Ilustrasi: salah satu pengajian yang dihadiri oleh Muslim di Ibaraki, Jepang, Sabtu (1/3/2025). (Foto: dok. istimewa/Haris)
Jepang, NU Online
Sebagai salah satu negara maju di Kawasan Asia timur, Jepang dikenal memberikan hak yang sama kepada semua warga negaranya, salah satunya kepada umat Muslim. Melansir The Asahi Shimbun, populasi Muslim di Jepang mencapai 230 ribu pada akhir 2020, dengan 47 ribu berstatus sebagai warga negara.
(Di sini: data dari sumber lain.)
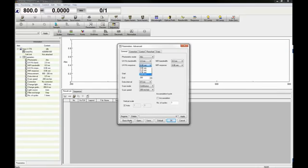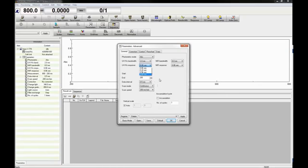If basic mode has been selected, the optimum UV-VIS response is automatically determined from the specified bandwidth and scan speed, and the NIR response is set to the same value as the UV-VIS response.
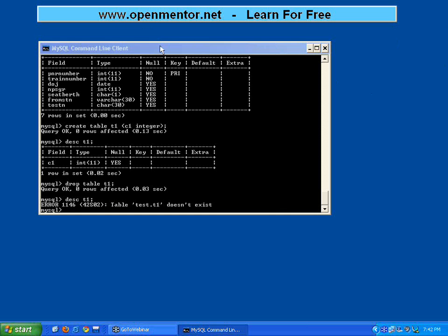DELETE is a command to remove data from the table. DROP is to remove the table itself. So do not use DROP when you only want to remove data — use DELETE.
Penentuan awal Ramadhan di Jepang menggunakan metode rukyatul hilal dan menyepakati bahwa 1 Ramadhan 1446 H jatuh pada Ahad, 2 Maret 2025. Hal ini disampaikan oleh Ketua Pengurus Cabang Istimewa Nahdlatul Ulama (PCINU) Jepang, Achmad Gazali.
“Berdasarkan ikhbar PCINU Jepang, kami mulai berpuasa di tanggal 2 Maret. Umat muslim, salah satunya saya sangat nyaman berpuasa di sini, walaupun minoritas Islam. Karena negara ini menghargai kebebasan beragama, lebih-lebih kami berpuasa di akhir musim dingin,” ungkapnya yang juga alumni S3 The United Graduate School of Agricultural Science, Gifu University Japan.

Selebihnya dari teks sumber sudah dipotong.